Modulation of TLR2 and TLR4 in Macrophages Following Trichinella Spiralis Infection

C Han 1, J Xu 1, CH Liu 1, X Li 1, P Zhai 1, A Hashan 2, M Song 1,*
PMCID: PMC6662015  PMID: 31662647

Summary

Parasitic helminthes can suppress and/or regulate the host immune response to allow long-term survival and chronic infection where toll-like receptors (TLRs) expressed on macrophages play essential roles in response to parasitic infection. Semi-quantitative PCR and flow cytometry studies about the modulation of TLRs and cytokine profiles in macrophages following T. spiralis infection were performed. TLRs, MyD88 and NF-κB were up-regulated by T. spiralis infection and essential to the parasite life cycles. Cytokines profiles (IL-6, IL-10, IL-12, TNF-α) were modulated during T. spiralis infection. Results suggest that T. spiralis infection may regulate the expression of TLR4 on macrophages and TLR4/MyD88/NF-κB signaling pathways. This study provides further insights into the mechanisms of TLR-mediated post-inflammatory response during T. spiralis infection.

Keywords: Trichinella spiralis, Toll-like receptor, Helminth, Immune modulation

Introduction

Trichinellosis is a wide-spread foodborne zoonosis initiated by the ingestion of raw or poorly-cooked meats containing infectious Trichinella spiralis (T. spiralis) larvae. Trichinellosis is considered as a re-emerging disease and it has been reported worldwide. Trichinellosis is not only an important source of public health hazard but also an economic problem in animal production and food safety (Yang et al., 2010; Chen et al., 2012; Li et al., 2012; Yadav et al., 2012; Cui et al., 2013). Infection with T. spiralis represents a great challenge for the host immune response. It is due to parasite life cycle of the parasite which is accomplished in one host. The larvae are released from infective capsule-like cysts and undergo maturation process to reach the adult reproductive stage within the intestine. The newborn larvae released from the adult females disseminate through the host by the circulation. Larvae finally enter the skeletal muscles and develop into infective encysted muscle larvae that are essential for transmission (Kang et al., 2012; Riva et al., 2012). In order to complete the life cycle and survive in the host, T. spiralis influences the development of immune-regulatory mechanisms essential for immune tolerance (Radovic et al., 2015). However, the nature of the relationship between T. spiralis and the host organism, as well as mechanisms and signals that control the immune response, have been understood or investigated not sufficiently.

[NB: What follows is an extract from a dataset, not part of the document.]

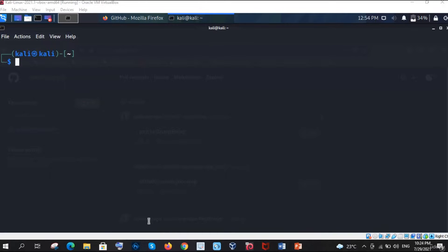Hello everyone. In the previous video, we already discussed how we can find the vulnerable URL of any subdomain, whether that subdomain is vulnerable or not. Now in this video, this is the second part, we are going to show you how you will get to know that this link is vulnerable and you can take over that subdomain.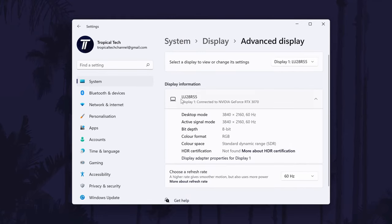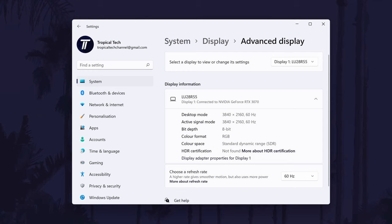This page should now show you all of the information you need, including the name of your monitor and details about the display settings and connection. You might be able to adjust some of the settings in here too.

Helminthes have developed different evasion and suppression mechanisms what enable the establishment of infection with lowest possible damage to the host (Motran et al., 2017). The immune response caused by T. spiralis is characterized as mixed Th1/ Th2 type of immune response where during the intestinal phase, the Th1 response predominate and subsequently a Th2 response will follow (Ilic et al., 2012). Expulsion of the gastrointestinal adult is associated with a prominent mucosal mastocytosis mediated by a Th1 response involving the production of cytokines such as IL-4, IL-5 and IFN-γ (Blum et al., 2013; Liu et al., 2013; Thrasher et al., 2013). The immunological response to T. spiralis muscle invasion is primarily characterized by a Th2 phenotype, in which cells collected from cervical lymph nodes produce IL-5, IL-10, IL-13 and IFN-γ after the stimulation with somatic larval antigens (Bruschi et al., 2011). IL-10 controls the level of inflammation induced by T. spiralis especially during the chronic phase of infection (Aranzamendi et al., 2013). Excretory-Secretory (ES) products from different stages of T. spiralis infection can modulate macrophages function in vitro by inhibiting pro-inflammatory cytokine production (Yu et al., 2013) and the muscle larvae ES products have the properties that regulate the immune response by its suppressive effect on dendritic cells (DCs) maturation (Aranzamendi et al., 2013; Gruden-Movsesijan et al., 2011). T. spiralis infection alters the immune response via increased production of both IL-4 and IL-10 and decreased production of IFN-γ and IL-17 (Gruden-Movsesijan et al., 2010).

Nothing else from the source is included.